Word for word, print every entry below.

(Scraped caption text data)
* * * * * * *
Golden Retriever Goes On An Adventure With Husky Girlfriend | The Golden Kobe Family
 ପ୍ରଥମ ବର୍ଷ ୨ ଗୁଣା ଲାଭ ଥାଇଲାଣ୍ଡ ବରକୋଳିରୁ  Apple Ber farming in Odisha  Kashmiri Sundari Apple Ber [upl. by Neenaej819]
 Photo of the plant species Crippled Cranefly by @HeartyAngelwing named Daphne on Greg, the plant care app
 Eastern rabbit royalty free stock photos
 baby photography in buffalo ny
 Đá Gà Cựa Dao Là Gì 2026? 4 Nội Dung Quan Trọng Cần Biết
* * * * * * *
ANSWER FOR THIS EXERCISE:
Golden Retriever Goes On An Adventure With Husky Girlfriend | The Golden Kobe Family
 ପ୍ରଥମ ବର୍ଷ ୨ ଗୁଣା ଲାଭ ଥାଇଲାଣ୍ଡ ବରକୋଳିରୁ  Apple Ber farming in Odisha  Kashmiri Sundari Apple Ber [upl. by Neenaej819]
 Photo of the plant species Crippled Cranefly by @HeartyAngelwing named Daphne on Greg, the plant care app
 Eastern rabbit royalty free stock photos
 baby photography in buffalo ny
 Đá Gà Cựa Dao Là Gì 2026? 4 Nội Dung Quan Trọng Cần Biết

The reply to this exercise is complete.